Pregnant women are more vulnerable to the severe effects of COVID-19 compared to their non-pregnant peers. Early in the pandemic, there was a rise in cesarean deliveries and preterm births among infected pregnant women.

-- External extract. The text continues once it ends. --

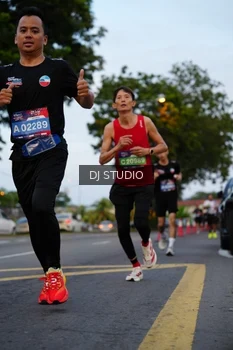 Runner Photo 4196118
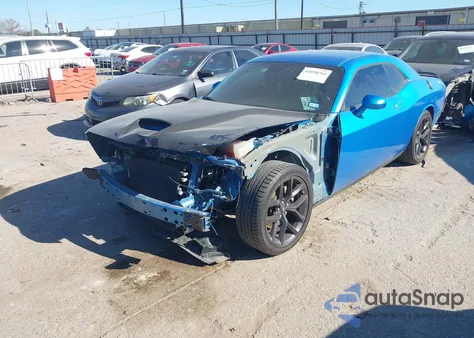 2023 Dodge Challenger Gt z USA, uszkodzony, nr VIN 2C3CDZJG0PH694667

This study aims to evaluate whether there were any changes in obstetric interventions during the first two waves of the pandemic in Belgium.
Between March 2020 and February 2021, the Belgian Obstetric Surveillance System (B.OSS) conducted an extensive, nationwide population-based registry study, that included nearly all births to women with a confirmed SARS-CoV-2 infection within six weeks before hospitalization in Belgium. The perinatal outcomes of these women were analyzed and compared with pre-pandemic regional perinatal data.
A total of 923 SARS-CoV-2 infected pregnant women were admitted to the hospital; 9.3 % were hospitalized for severe COVID-19, while the remaining were hospitalized for obstetric reasons. Infected women had a higher median BMI, a higher incidence of diabetes, and a greater proportion were overweight or obese compared to the reference group (p < 0.001). While the majority of women gave birth vaginally, symptomatic women and those with a severe infection had slightly higher rates of cesarean delivery, though not statistically significant after adjusting for confounders. Only severely ill women had an increased risk of preterm delivery (aOR 2.3; 95 %CI [1.2-2.5]; p = 0.02) and of induced labor (OR 1.8; 95 %CI [1.1-2.8]; p = 0.01). The use of general anesthesia for cesarean delivery was more common in the infected group (OR 2.6; 95 %CI [1.6-4.1]; p < 0.001).
Obstetric interventions, such as cesarean delivery and induction, remained at pre-pandemic levels. However, a SARS-CoV-2 infection appears to have increased medically induced preterm delivery and the use of general anesthesia for cesarean delivery.
与未怀孕的同龄人相比,孕妇更容易受到新冠病毒疾病严重影响。在疫情早期,感染新冠病毒的孕妇剖宫产和早产率有所上升。本研究旨在评估比利时疫情前两波期间产科干预措施是否有任何变化。
2020年3月至2021年2月期间,比利时产科监测系统(B.OSS)开展了一项广泛的、基于全国人群的登记研究,纳入了比利时住院前六周内确诊感染严重急性呼吸综合征冠状病毒2(SARS-CoV-2)的几乎所有产妇。分析了这些妇女的围产期结局,并与疫情前的地区围产期数据进行比较。
共有923名感染SARS-CoV-2的孕妇入院;9.3%因新冠病毒疾病严重而住院,其余因产科原因住院。与参照组相比,感染妇女的体重指数中位数更高,糖尿病发病率更高,超重或肥胖的比例更大(p<0.001)。虽然大多数妇女经阴道分娩,但有症状的妇女和严重感染的妇女剖宫产率略高,不过在调整混杂因素后无统计学意义。只有重症妇女早产风险增加(调整后比值比2.3;95%置信区间[1.2 - 2.5];p = 0.02)和引产风险增加(比值比1.8;95%置信区间[1.1 - 2.8];p = 0.01)。剖宫产使用全身麻醉在感染组更为常见(比值比2.6;95%置信区间[1.6 - 4.1];p<0.001)。
剖宫产和引产等产科干预措施维持在疫情前水平。然而,感染SARS-CoV-2似乎增加了医源性早产和剖宫产全身麻醉的使用。